Magic is an awkward subject for fantasy writers, which might seem strange since it defines the genre, especially by contrast with SF: you have wizard books, and then you have spaceship books. (Though my personal favorite are the wizard-spaceship books.) But some authors believe magic is best left as a mysterious and grand force, while others believe magic only works when rigorously systematized. I’ve heard passionate arguments on both sides. Without systems you have no dramatic tension! Systems sap wonder!
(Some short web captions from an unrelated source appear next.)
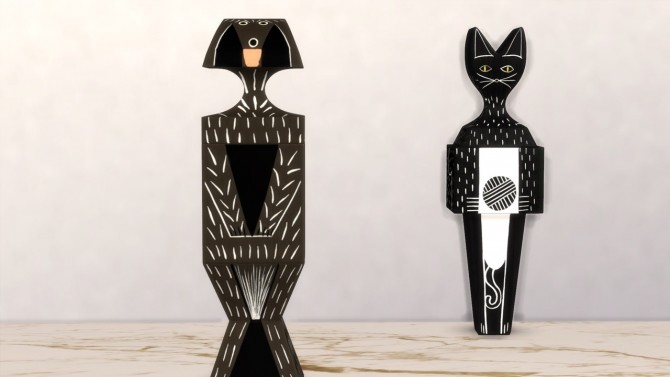 Sims 4 WOODEN DOLL CAT at Meinkatz Creations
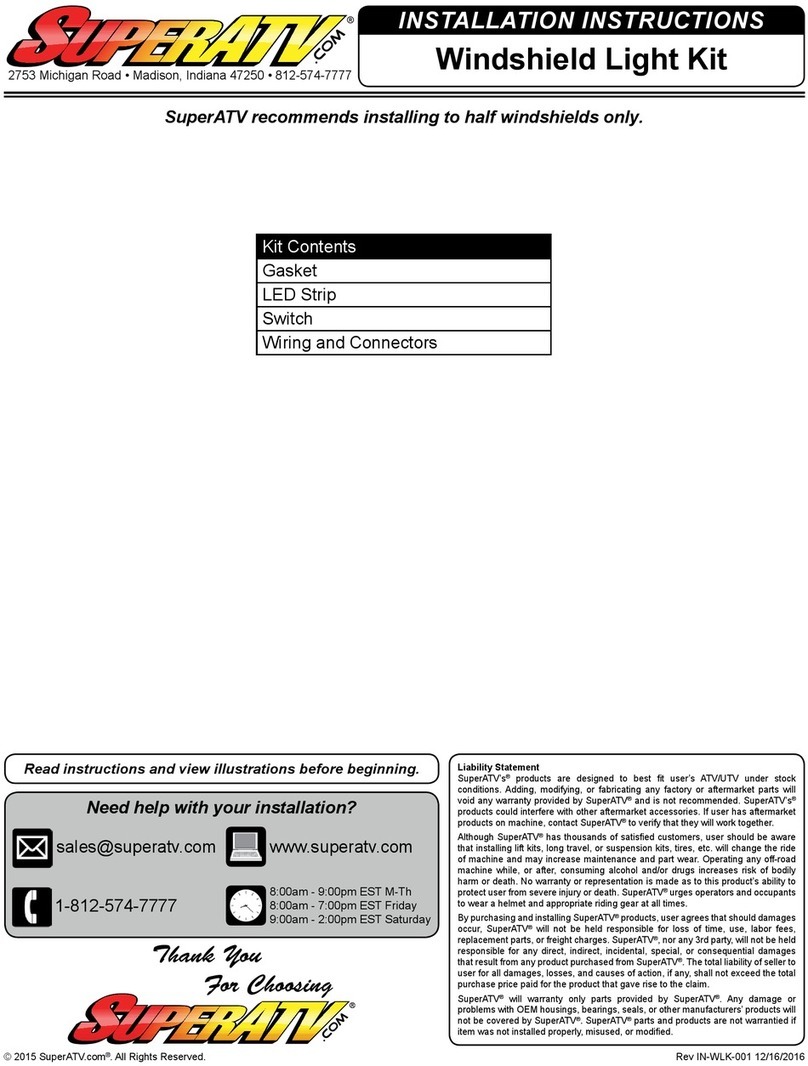 SuperATV WLK-001 installation instructions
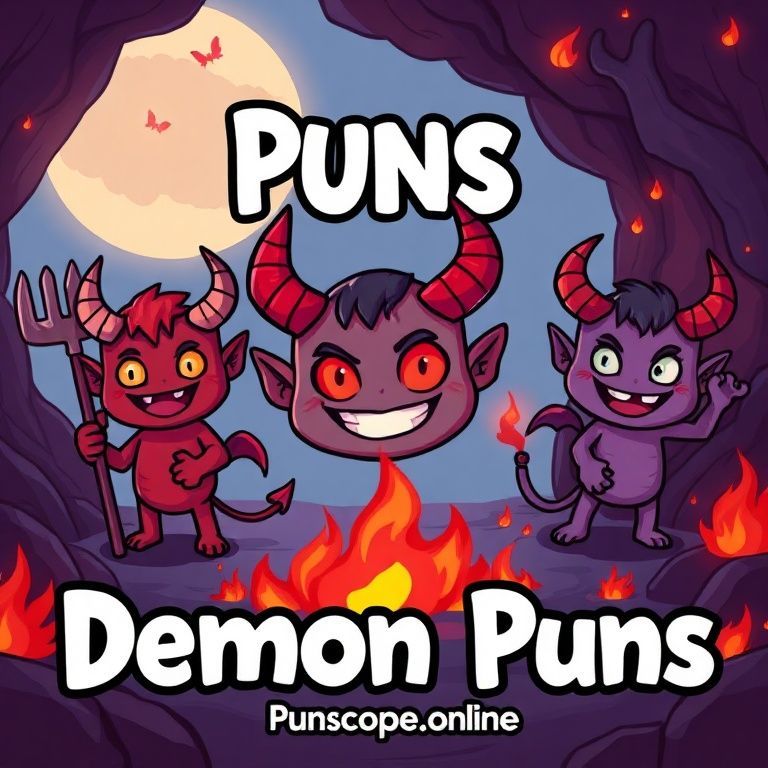 demon puns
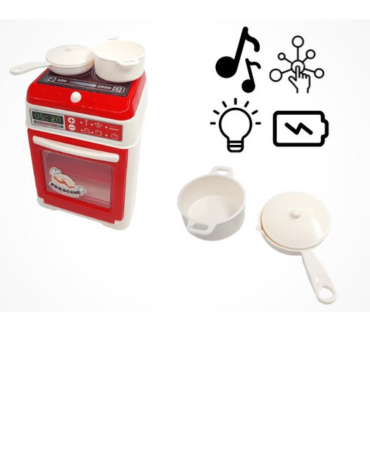 Cocina con Luz y Sonido x 4 Unds. Medidas: 9.5 x 17 x 20 cm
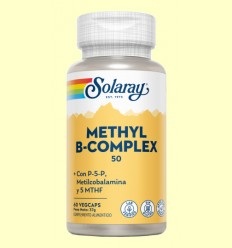 Methyl B-Complex 50 - Solaray - 60 cápsulas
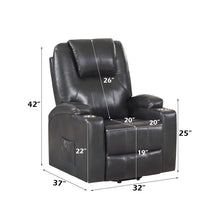 Load image into Gallery viewer, Recliner With Power Lift &amp; Massage
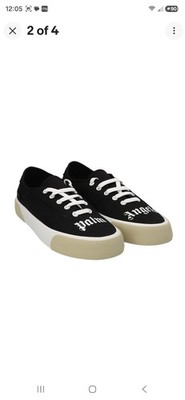 Palm Angels Logo Black/White Lace-Up Skater Sneakers Size 45 (12M)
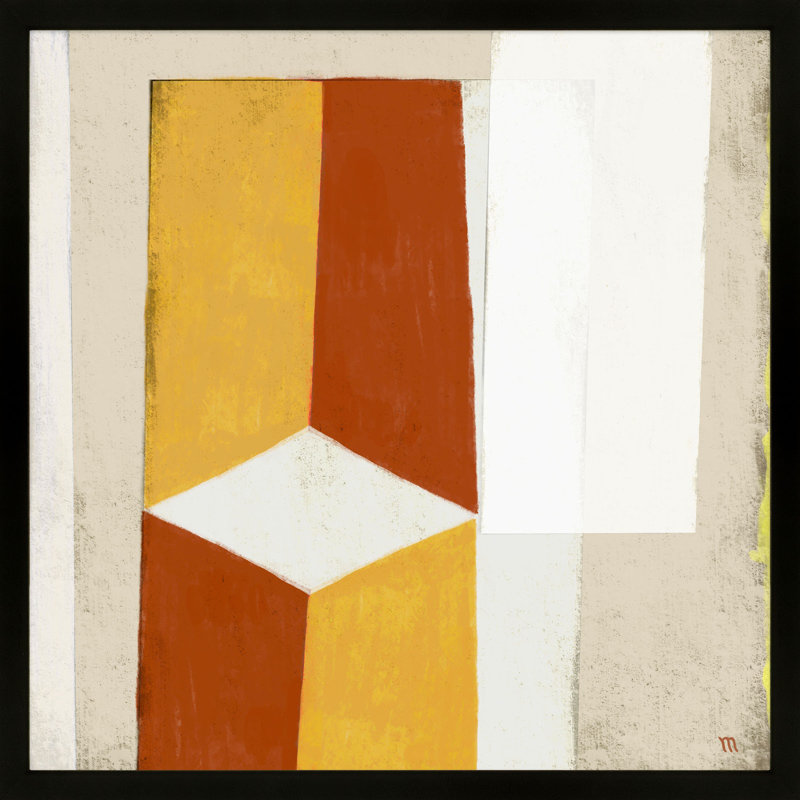 «Signal Flags 1» par Studio M - peinture encadrée, Cadre noir, H 16 po x l 16 po x P 1,25 po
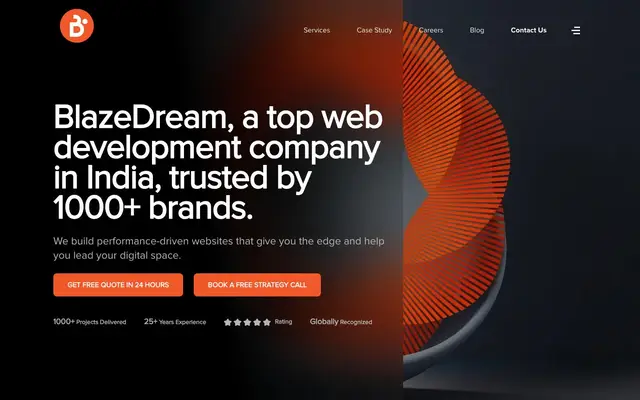 BlazeDream Technologies Pvt Ltd website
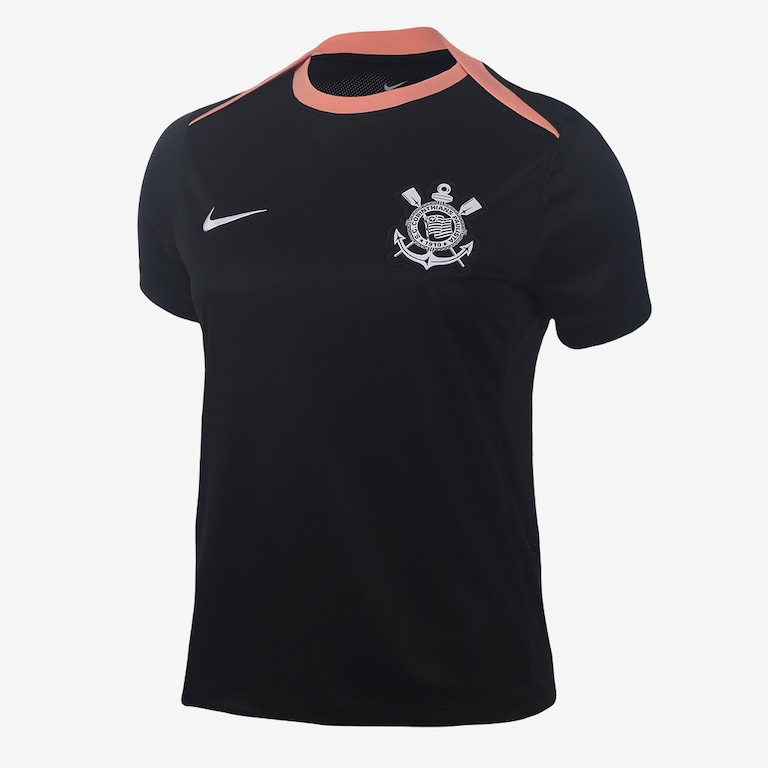 Camiseta Corinthians Nike 2026 Treino Feminina - Foto 1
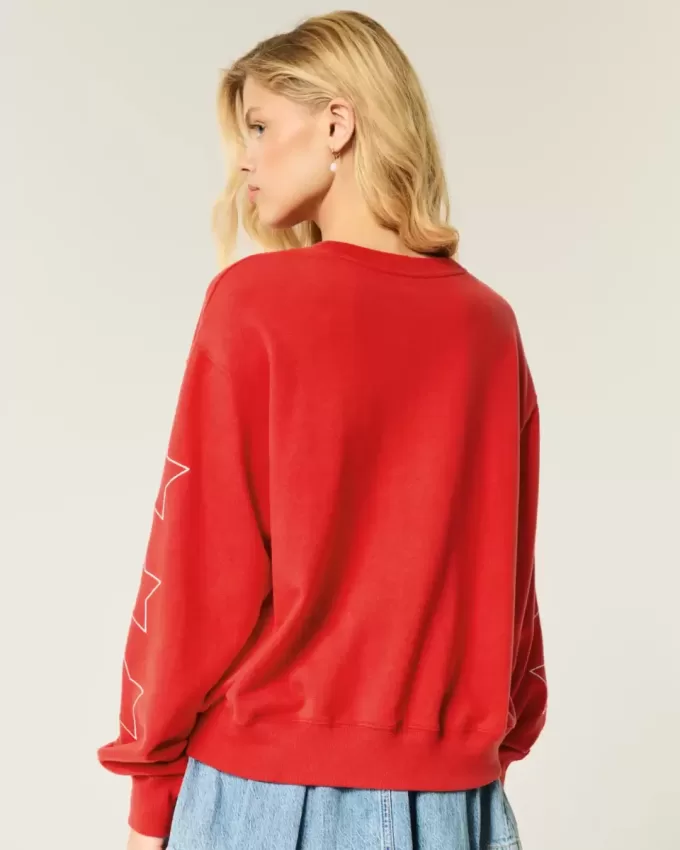 Easy American Honey Graphic Crew Sweatshirt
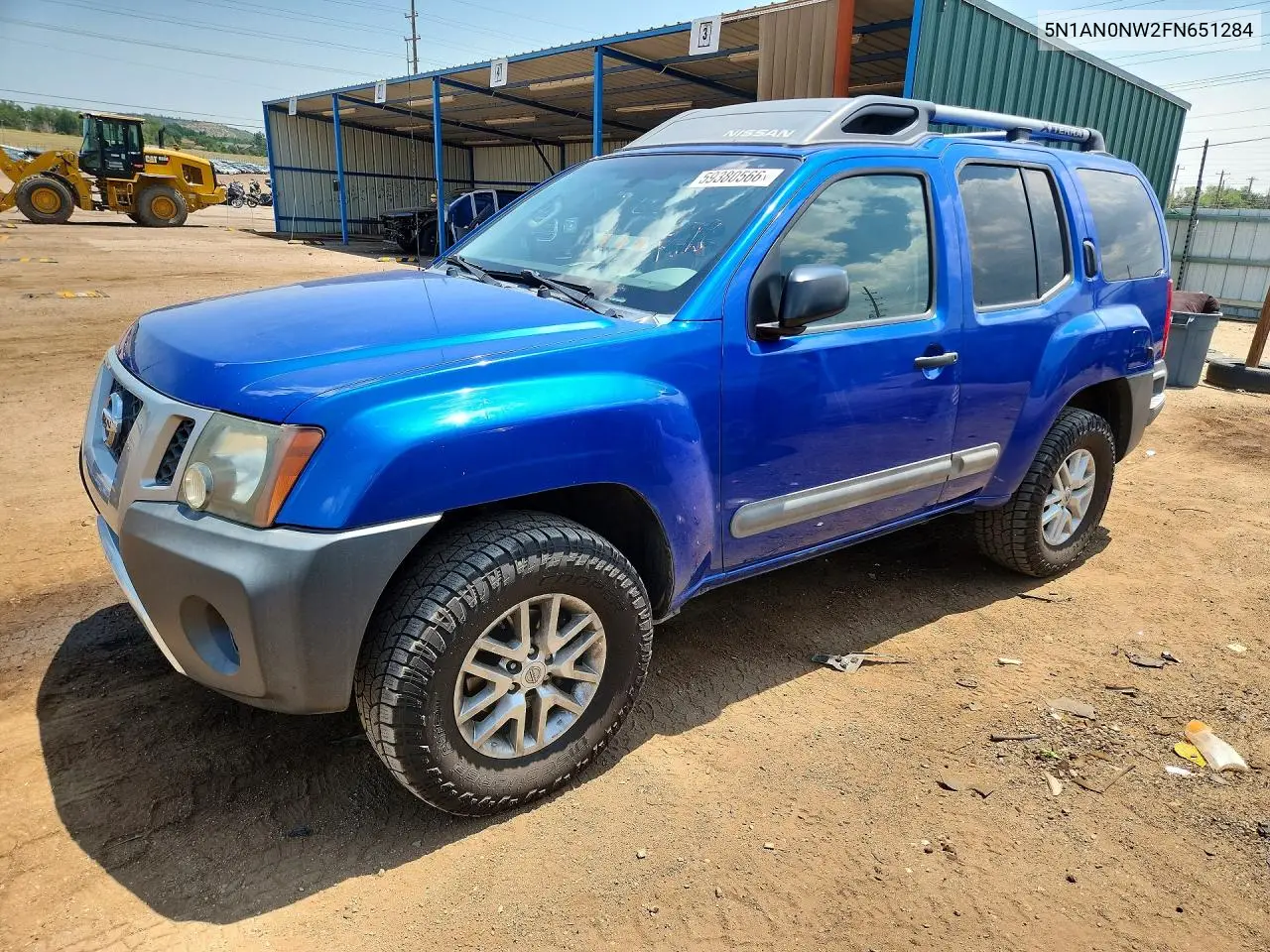2015 Nissan Xterra S VIN: 5N1AN0NW2FN651284 Lot: 59380566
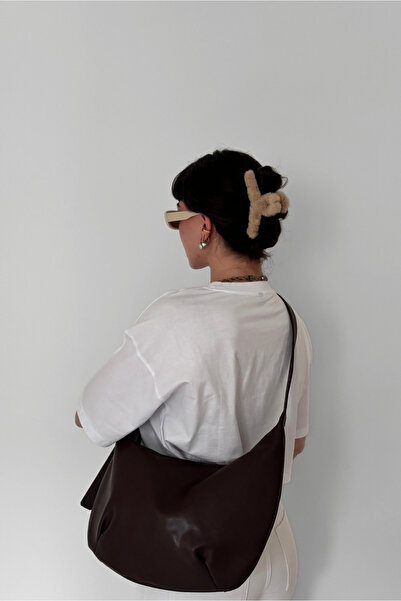 Yuka Atelier Τσάντα ώμου με λεπτομέρεια με μακρύ λουράκι Hope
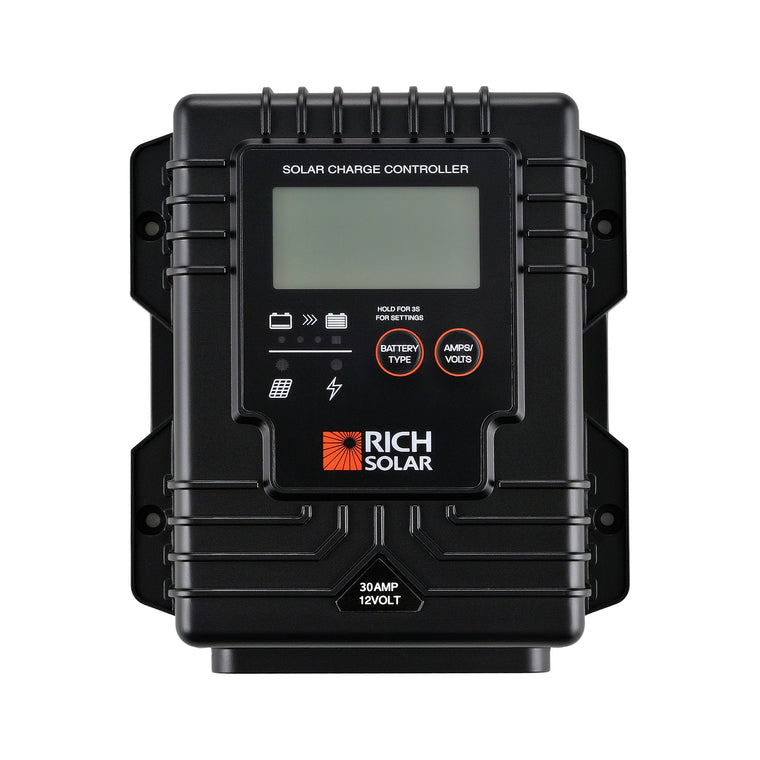 RICH SOLAR BRAVO Waterproof 30 30 Amp Waterproof PWM Solar Charge Controller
That’s why I love boywizardsroman—which might be better rendered as wizardsroman since there’s nothing inherently male about the form.
Bildungsroman means “formation story”—it’s the tale of a person learning the ropes of the society in which she finds herself, and growing to social prominence. (Or utter failure; Jude the Obscure is a bit of an antibildungsroman, following the accepted form in reverse.) If we go with Joseph Campbell and accept that the Hero’s Journey monomyth represents an inner voyage toward self-acceptance and initiation into society, then the bildungsroman is the outward mirror of that inner journey. Levin in Anna K. staggers toward manhood—and inside, he’s chasing the Firebird. Ulysses isn’t quite a bildungsroman, but it operates on the same theory: let’s assume the Odyssey happens on a mythic dimension inside its real characters. What is that story?
If monomyth’s the lining and bildungsroman the jacket, then magic, on the inner level, represents no more & no less than the ability to operate effectively in the outer world.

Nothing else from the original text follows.